Join Date: November 2, 1998
Captain Flynn's shot
This happened in the flintlock days.
"There was an old Irishman named Captain Flynn who owned a small schooner which plied along the Potomac River and its estuaries, buying fowls, fruits and garden truck from the country people and selling them in the Baltimore markets.
"It happened that the Captain, a week before Christmas, dropped anchor off Cutler's Creek, and there came an unexpected freeze, and for four days he was held hard and fast.
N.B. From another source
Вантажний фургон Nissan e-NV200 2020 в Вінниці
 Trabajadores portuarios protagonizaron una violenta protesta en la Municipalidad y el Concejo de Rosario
All his meat gave out, so he traveled over the ice to the home of one of his best customers, a spinster named Miss Tilda Jenks, who made her living by raising poultry.
"Miss Tilly was cited among her neighbors as being the sharpest and the shrewdest bargainer in the whole country round; indeed some of the old hands said that she could even beat a preacher in a horse trade.
"When Captain Flynn went to purchase a dozen fowls the ancient spinster promptly doubled her price. This made the old Captain so mad that he went back to his sloop, swearing he would starve before he would pay it. Then ensued a struggle between his stomach and his pride, which resulted in his going back the next day and paying the spinster her price. As he saw the great number of fowls in the enclosure he said:
"'Miss Tilly, how much will you charge me to let me shoot in the thick of them, an' let me have all I kill?'
"The woman studied for a while and then answered:
"'Captain, if you let me load your gun you kin have all you kill for one dollar.'
"'Bedad! an' it's a bargain, an' here's your dollar,' answered the Irishman, 'an' now I'll go fer me gun.'
"He hurried back to his boat, got out an ancient bell-mouthed blunderbuss that had belonged to his grandfather, put in a handful of powder, rammed in a bunch of tow; next a double handful of shot was dropped down the barrel and held tight with another bunch of tow; then Captain Flynn sawed off about four fingers of the ramrod, picked the flint, called his crew, which consisted of an antiquated d**ky, and proceeded inland.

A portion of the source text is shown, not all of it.